Cent ans d’associatif en Belgique… Et demain ?
Une opinion de Geoffroy Carly · Directeur des centre d’entraînement aux méthodes d’éducation actives (CEMÉA)
Mise en ligne le 12 avril 2022
La récente intégration des associations dans le Code des sociétés et des associations (CSA) en 2019 est passée presque inaperçue. Pourtant, ce rapprochement « contre nature » de l’entreprise et de l’ASBL constitue le franchissement d’un cap symbolique (et pratique) important : la désanctuarisation de l’associationnisme pour l’intégrer à la marche du monde, présentée comme inéluctable, qui transforme tout en produits de consommation…
Illustration © Shutterstock
Entendons-nous d’abord sur les associations que nous visons. La démarche du Collectif21 n’embrasse pas l’ensemble des associations régies par la loi de 1921. La définition du champ associatif qui se limite au « véhicule juridique » de l’ASBL s’avère bien trop ouverte. Pour nous, il s’agit d’actions collectives qui soutiennent l’intérêt général dans une relation d’indépendance et de « complémentarité critique » avec les pouvoirs publics. Nous les retrouvons essentiellement dans le champ social, de la culture, de la santé, de la jeunesse… inscrites dans l’histoire qui a conduit à la loi de 1921 (mouvements sociaux, luttes syndicales, auto-organisation du peuple pour apporter des réponses aux questions sociales et pour s’émanciper de la tutelle patronale ou étatique).
Nous situons donc les associations en tant que composante démocratique d’un État, poursuivant des missions d’intérêt public (révéler des injustices, faire émerger des questions collectives non prises en charge, œuvrer aux transformations sociales…). Ou, comme l’écrit Jean Blairon : « Il y a ʺde l’associationʺ lorsque des protagonistes veulent lier leur sort pour faire cesser une domination culturelle ou pour ouvrir de nouveaux possibles en matière de démocratie culturelle, qu’ils considèrent comme le socle de toute vie en société. » 1 Et pour s’inscrire dans la durée et la réalité, l’association ne peut ni se cantonner à l’entre-soi ni planer dans la pureté. Elle doit se confronter aux autres, mettre les mains dans le cambouis, commercer avec le monde et habiter les dilemmes moraux qui en résultent.
Un certain nombre d’associations, inquiètes tout de même de cette transformation présentée comme quasi naturelle, ont voulu revenir sur ce qui « fait association » pour calibrer l’oraison funèbre de la loi de 1921 sur les associations, texte en toute fin de vie puisque toutes les structures devront avoir rejoint le CSA en 2024. Nous avons dès lors mis sur pied un site Web et organisé des rencontres/débats pour appréhender le fait associatif aujourd’hui sous différentes facettes : l’économie, la pilarisation, l’action en temps de crise, les travailleurs du secteur, le rapport aux pouvoirs publics, l’engagement et le militantisme, la participation et/ou l’instrumentalisation des publics avec lesquels les associations travaillent…

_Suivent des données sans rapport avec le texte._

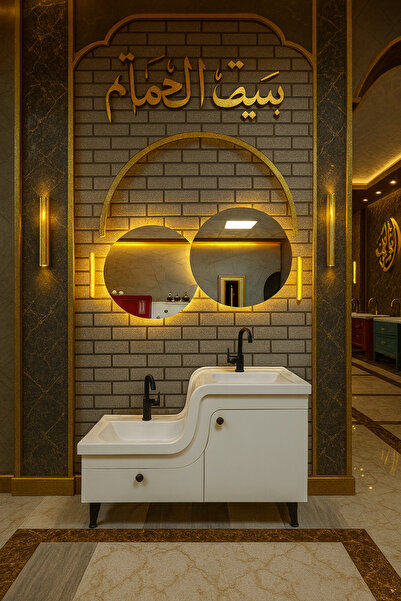 TEKDEKOR Abdest Lavabo/Z lavabo /çocuk yaşlı engelli lavabosu 115x45 cm sol b...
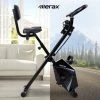 Merax Foldable Cycling Exercise Bike With LCD Screen Adjustable Height And Arm Resistance Bands For Indoor Workout - White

La quête d’une culture politique propre à l’associatif, qui peut se transmettre, vivre et se développer est d’autant plus importante que le secteur associatif a vécu et continue d’être confronté à de profondes mutations ces dernières années, mêlant professionnalisation, une tendance au regroupement en grandes entités (et fragilisation des plus petites structures) et des modes de travail (et de contrôle) qui poussent au formatage des pratiques. L’un des principaux risques est une perte d’hétérogénéité du secteur et une profonde déconnexion avec certains publics, probablement les plus éloignés de la participation à la vie de la cité.
Les balises d'une future identité associative
Les travaux ont jusqu’ici mené à différents débats recensés sur le site Web du Collectif21, de même qu’un documentaire coproduit avec le Centre vidéo de Bruxelles, 2121 Hypothèses Associations et qu’un livre en collaboration avec l’agence Alter. Des contacts politiques se sont également noués pour envisager les modes de protection à mettre en place à l’égard des associations, pour leur assurer leur autonomie et leur liberté. Le Collectif21 vous invite à vous saisir de ces enjeux avec ces outils pour appréhender le fait associatif dans sa complexité.
- Jean Blairon, « L’associatif est-il (encore) manifestable ? », dans Intermag, septembre 2020, p. 16.